Some weeks back I mentioned by surprise that the Oscar-winning movie Klute was out of print on DVD. It's coming on TCM overnight tonight (or early tomorrow morning depending on your perspective and time zone) at 4:00 AM, so now is a good time to do a post about it.

The movie starts off with what looks like a big family dinner, followed by a sudden cut and just a couple of people left at the table. It's some months later, and one of the people who was at that table has disappeared. Now, the authorities are talking the the disappeared man's wife as well as local policeman John Klute (Donald Sutherland). More worrying, it sounds as though the disappeared man had a double life, as he was writing extremely dirty letters to a call gilr in New York City, where he also took some business trips and where he disappeared.
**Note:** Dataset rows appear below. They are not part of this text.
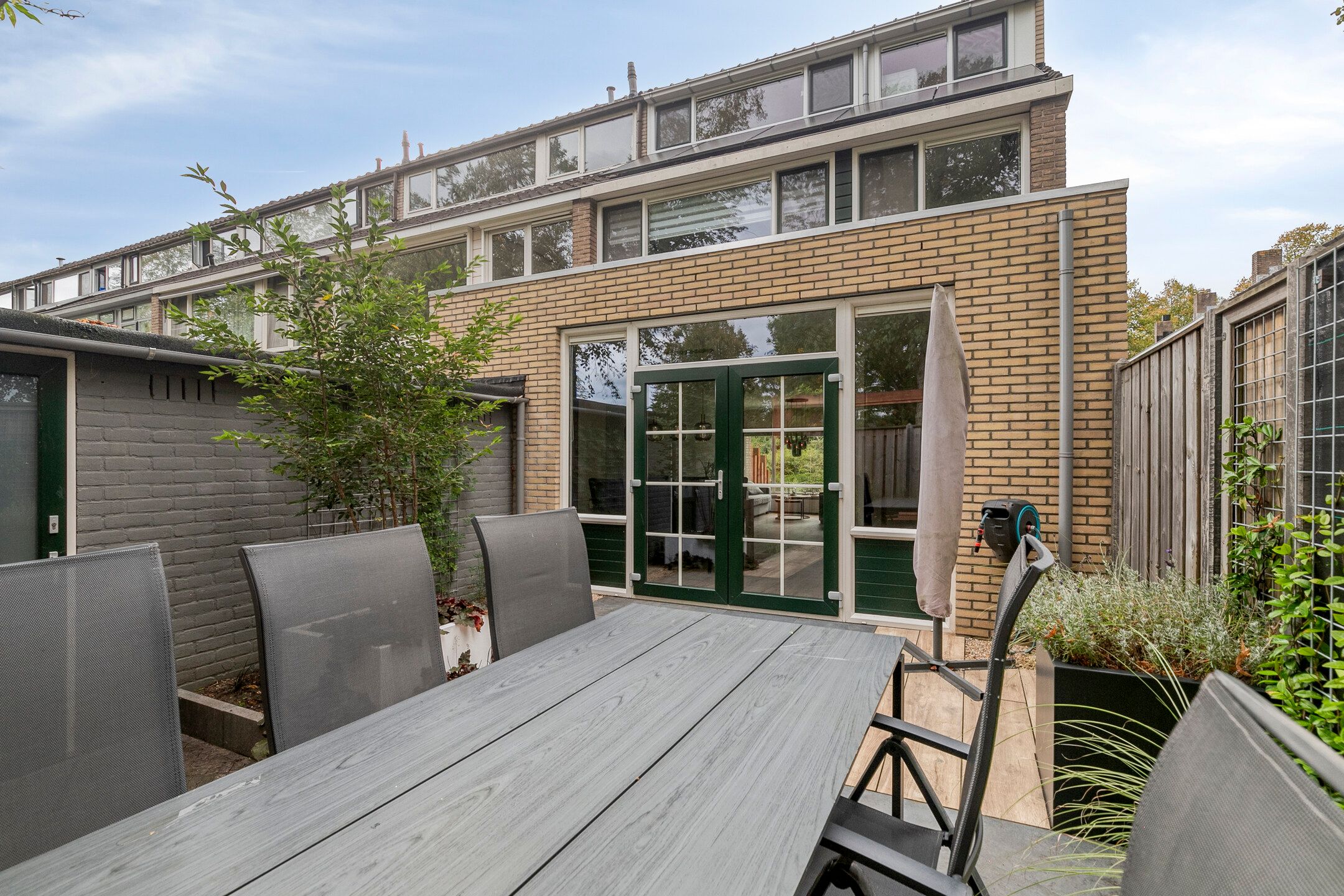 Foto 33 van Warmoeziershof 65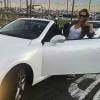 Eu seu Instagram, a babá aparece ostentando um Lexus, avaliado em R$ 160 mil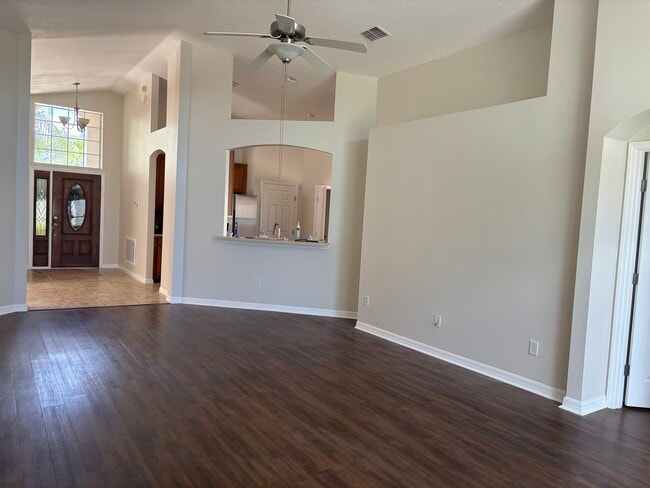 Building Photo - 14956 Braywood Trail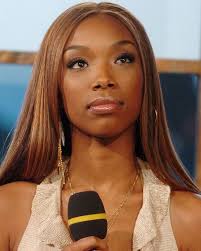 Dec 18 — Iris and Amanda fly out to swap homes for 2 weeks! The feminine  urge to fly out of the city and run from my problems 🏃🏻‍♀️✨ • The Holiday  (2006)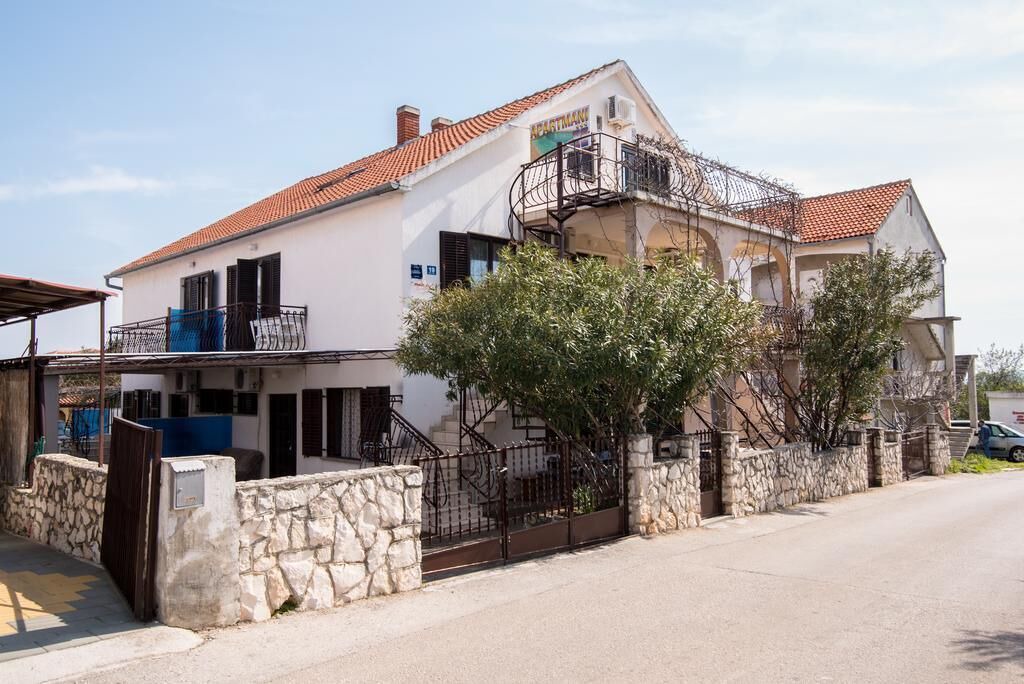 Photo of Outdoor in Okrug Gornji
People want to find the disappeared man, to Klute starts working as a sort of private detective to find out what happened to him. Obviously, a good place to start would be with that call girl. So Klute goes to New York and looks up Bree Daniels (Jane Fonda, who won the Oscar) and finds that she's no longer living the good life of a high-priced call girl. Instead, she's in much shabbier surroundings, a couple of floors above a funeral home in a building that looks like it could use some work. Bree, for a whole bunch of reasons, doesn't want to talk about the disappeared man, the letters, or her life as a prostitute at all. In fact, she'd like to get away from it if she could, but it pays the bills and she's good at it.

Klute tries to get to Bree, and he's straight-arrow to the point that you wonder whether Bree has ever met a man like this. Eventually, she gives in to Klute's persistence, in part because she needs help. Somebody has been stalking her, making obscene phone calls and making her feel like she's constantly being watched. If this weren't a movie, we'd understand it could be entirely coincidental considering how many clients Bree had. But it is a movie, so we can guess from the emphasis placed on it that yeah, it has something to do with the guy's disappearance.

Klute and Bree go around the seedier parts of early 1970s New York, eventually finding... well, I'm not about to give that away. Klute is a well-made movie, doing a good job of depicting the New York of that era as the unromantic, falling-apart place it was becoming, the whole "Ford to city: drop dead" thing I've mentioned in relation to several other movies from the era. It's most definitely a grown-up story for intelligent, thinking people. Fonda does a good job, although I can't help but wonder that the Oscar is in part down to playing the sort of character that hadn't much made to the screen before, at least not in this gritty way. Sutherland is good too, although as always he got overlooked. Roy Scheider plays a pimp for whom Bree used to work, and Edith Bunker (er, Jean Stapleton) has a one-scene role as a secretary to one of Bree's elderly clients.

It's a shame that Klute seems to be out of print on DVD, because it's really worth seeing. It would also be good as part of a spotlight on New York of that time.